*Directions*.
A verbatim copy of all the data is required; the pictures should not appear in it.

*Given data*.

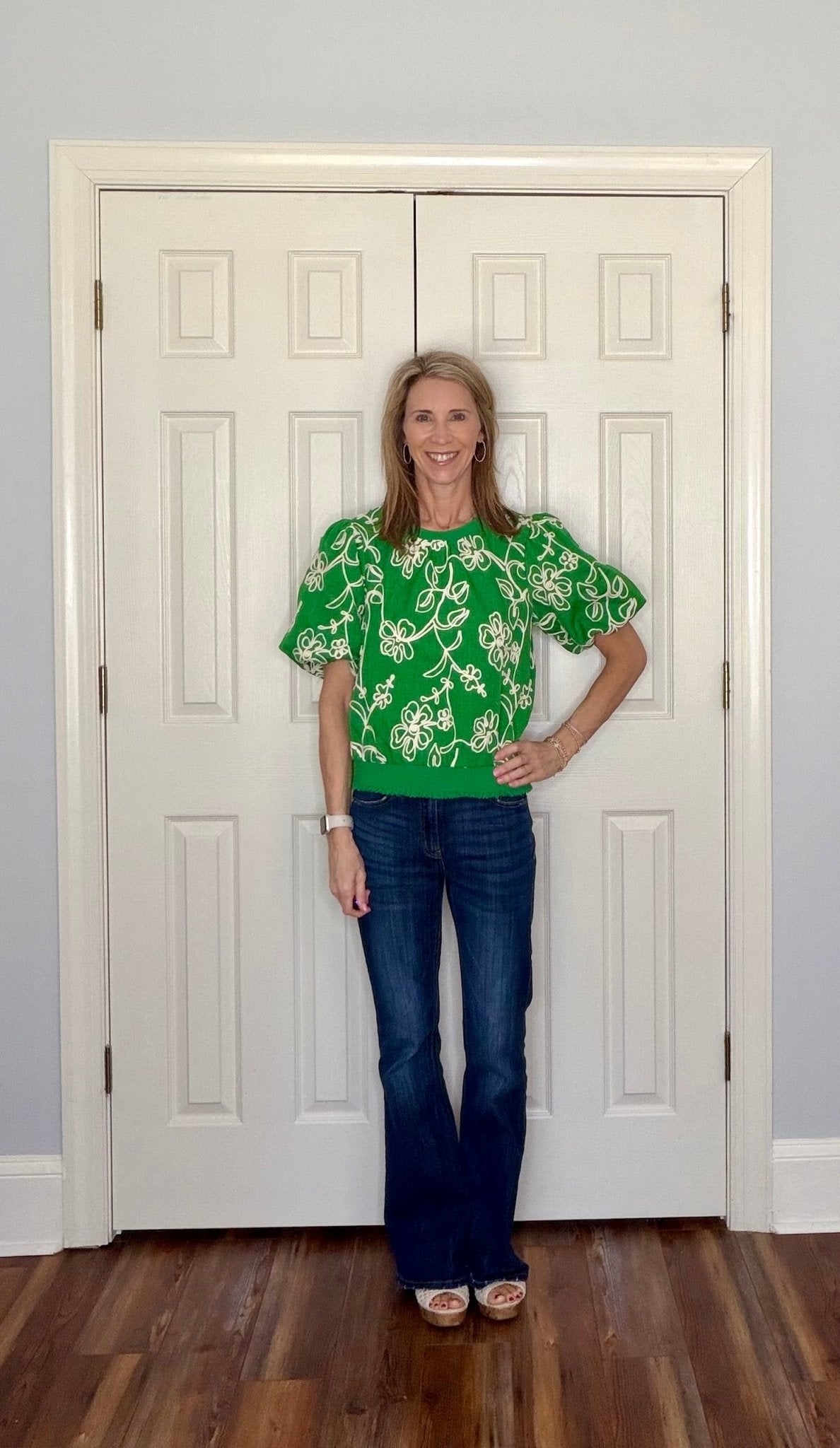 EMERALD GARDEN PUFF SLEEVE TOP - Gopher Lane Boutique & Gifts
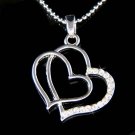 Swarovski Crystal Cute Double Cutout Love Heart Pendant Necklace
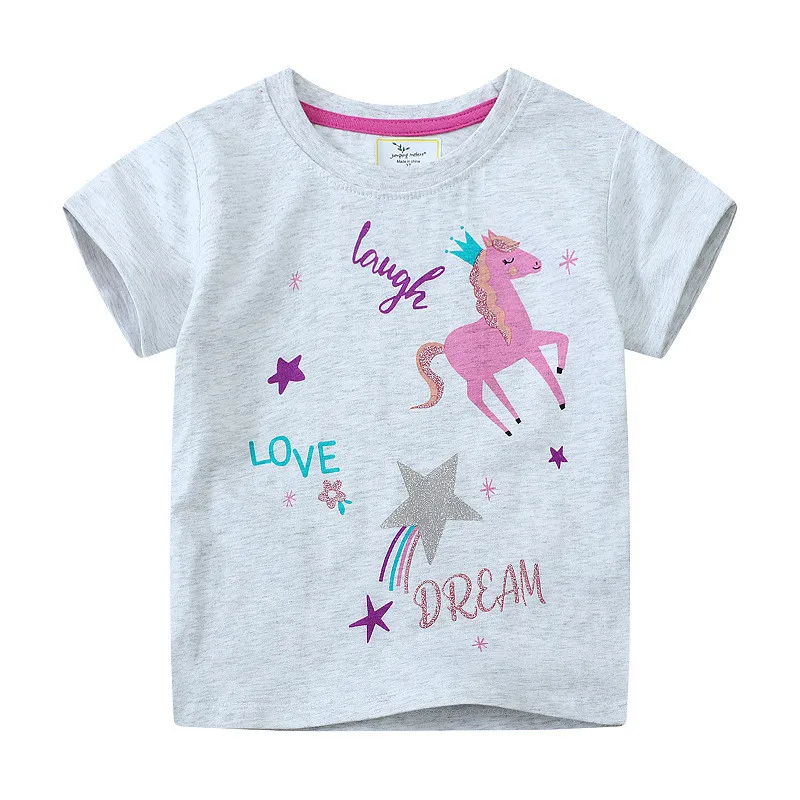 

Jumping Meters 2-7T New Arrival 100% Cotton Baby Girls Tees Cotton Summer Toddler Clothes Kids Tops Children's Tshirts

*Solution for this task*.
 EMERALD GARDEN PUFF SLEEVE TOP - Gopher Lane Boutique & Gifts
 Swarovski Crystal Cute Double Cutout Love Heart Pendant Necklace

Jumping Meters 2-7T New Arrival 100% Cotton Baby Girls Tees Cotton Summer Toddler Clothes Kids Tops Children's Tshirts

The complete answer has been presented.